Mr MORRIS (Shortland) -The Airline Equipment (Loan Guarantee) Bill 1977 seeks authority for the Treasurer to give a guarantee on behalf of the Australian Government for loans to be raised by Ansett Transport Industries to enable the company to finance the purchase of its eighth Boeing 727-200 series passenger aircraft. It is in line with previous Bills of a similar nature which have been passed by the House on earlier occasions when Ansett Transport Industries has purchased aircraft for its fleet. The Bill is a routine measure and as such the Opposition does not oppose it

In bis second reading speech the Minister for Transport (Mr Nixon) canvassed a wide range of matters pertaining to the aviation industry. I shall address my remarks to some of the issues that the Minister raised. One of the great problems facing the aviation industry is the selection of aircraft, and the facilities available at airports and the capacities of airports. One of the best documents to which honourable members could refer would be the recent publication of statistics of domestic scheduled airline performance for the year ended 30 September 1977. I wish to draw attention to some of the figures that are shown in relation to three aspects: Firstly, passengers; secondly, freight; and thirdly, mail. In the year ending September 1977 Trans-Australia Airlines flew 3.2 per cent more hours but carried 7 per cent more passengers, a 11.6 per cent increase in freight and a 12 per cent increase in mail on what was carried in the previous year. Similarly, Ansett Transport Industries with a 0.3 per cent increase in hours flown carried 2.7 per cent more passengers, 2.5 per cent more freight and 3.3 per cent more mail.

Without going into the details of the other internal airlines shown in the document, such as Airlines of New South Wales, East West Airlines, MacRobertson-Miller Airline Services, Connair, Qantas and Airlines of South Australia, I want to remark on the total figures for the industry for the year ended September. Looking at the total hours flown we find that there has been a decrease of 1.1 per cent in that year. But the number of passengers carried rose by 4.6 per cent. The domestic airlines carried 9,690 million passengers in the year ending September. As I said that was a 4.6 per cent increase. There was a 5.2 per cent increase in freight and a 5.7 per cent increase in mail carried. I have mentioned those figures to show evidence of increased utilisation of aircraft. Much is said about lower air fares and airport capacities but there is a basic equation as I see it to lower air fares; that is, higher load factors equal lower air fares. The better utilisation and the more people in aircraft on trips the greater the possibilities of lowering the fare for that journey. Those figures show what is happening.

At the same time when we come to the figures for our perennial problem of Mascot they show a reduction in hours flown and an increase in passengers carried. In the year ended September 1977 at Mascot there were 82,138 aircraft movements, a reduction of 0.5 per cent on the figures for the previous year.
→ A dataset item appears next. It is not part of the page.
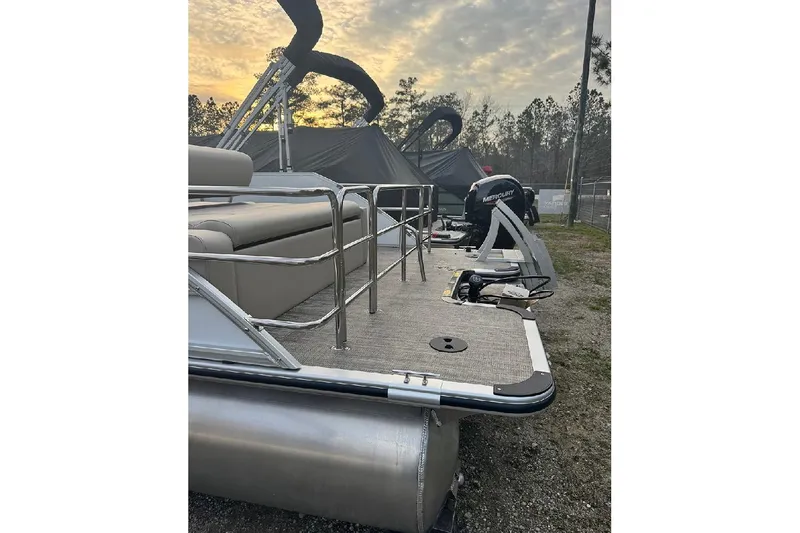 Slide: The Image of 2026 Bentley Pontoons Legacy 223 Swingback at sunset, featuring sleek design and Mercury engine. - 5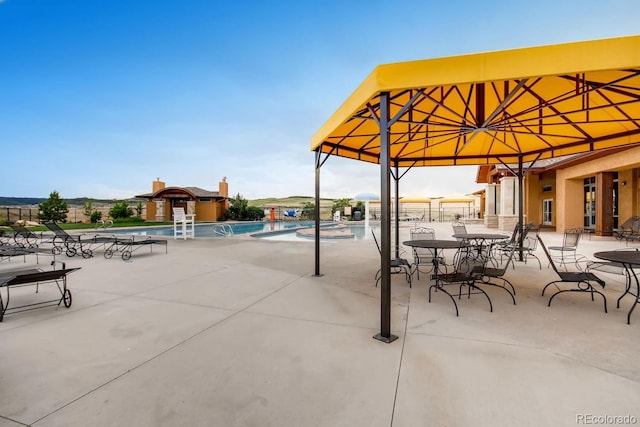 view of patio featuring a community pool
But 4.983 million passengers were moved through Mascot. That is an increase of 5.5 per cent. So there was very little reduction in the number of aircraft movements but a substantial increase in the number of passengers. Probably the use of larger aircraft would be a factor as also would be better load factors and better utilisation of facilities.
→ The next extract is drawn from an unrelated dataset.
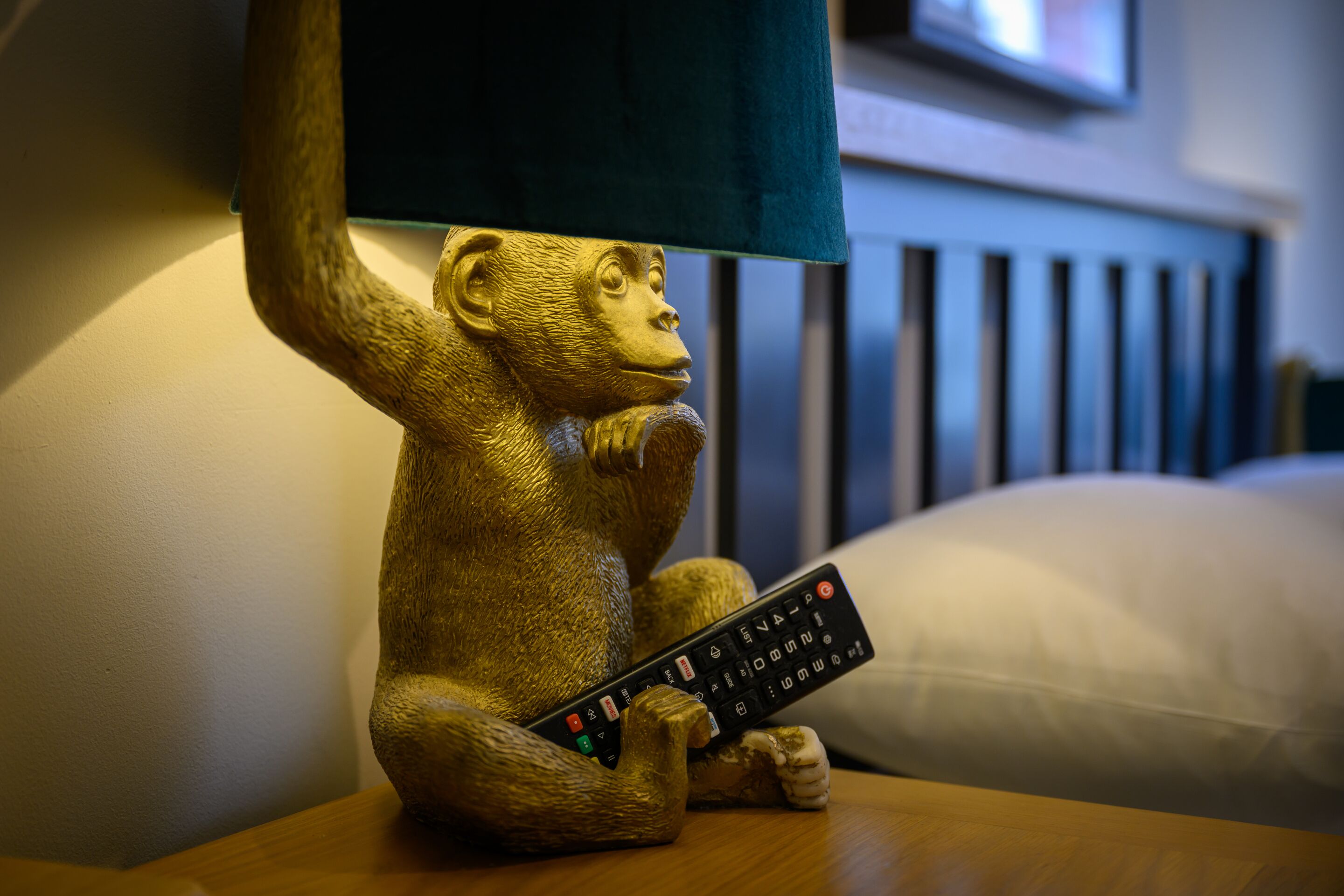 Una figurita dorada de un mono sosteniendo un control remoto.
Turning to Brisbane, we find that Brisbane airport had 34,799 aircraft movements which carried 2. 144 million passengers. An increase in aircraft movements of 1.4 per cent was more than countered by an increase in passengers of 4.4 per cent. It is the same story. Melbourne is probably the best example. In that same period Tullamarine airport had 66,662 aircraft movements and handled 4.295 million passengers. There was a reduction in aircraft movements at the airport of 2.2 per cent but an increase in the number of people handled of 5.2 per cent. That brings us back to the basic equation that lower air fares, in the main, equal higher load factors and better utilisation of the industry's facilities.
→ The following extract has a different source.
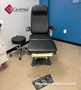 Refurbished MTI 525 with black upholstery, a foot control, and a matching stool in a clinic room.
Much criticism is made from time to time by our political opponents about what happened at Mascot or Brisbane or at other airports. But the simple fact is that for 25 out of the past 28 years -almost for the total period of the development of major civil aircraft operations in Australiathe conservatives who now sit opposite have been responsible. They have been the administrators. Whatever shortcomings exist in our aircraft industry the responsibility lies at their feet. In its relationship with the government the industry sees a problem of uncertainty as to what are the Government's intentions and what should be the guidelines for the industry. I can best evidence this by quoting from Aircraft magazine of October 1977 which reports a statement of the chairman of the Australian National Airlines Commission, Mr Vial. The magazine states:

Sydney airport's serious problem of traffic congestion and increasing noise annoyance could reasonably be met only by early introduction of wide-bodied jet aircraft on domestic air services, Mr Viall has warned. 'But the airlines cannot be expected to place orders for larger, more efficient, but capital intensive new equipment in a situation characterised by falling or stagnant traffic growth, and faced with the prospect of ever-increasing government imposts leading inevitably to still more daunting fare increases,' he said. 'To do so would be an act of financial irresponsibility.'

Mr Viallwas certainly referring to the conditions as they were. In recent times conditions have improved in terms of passenger growth but I think his statement points out the uncertainty that faces the industry in relation to what are the Government's intentions.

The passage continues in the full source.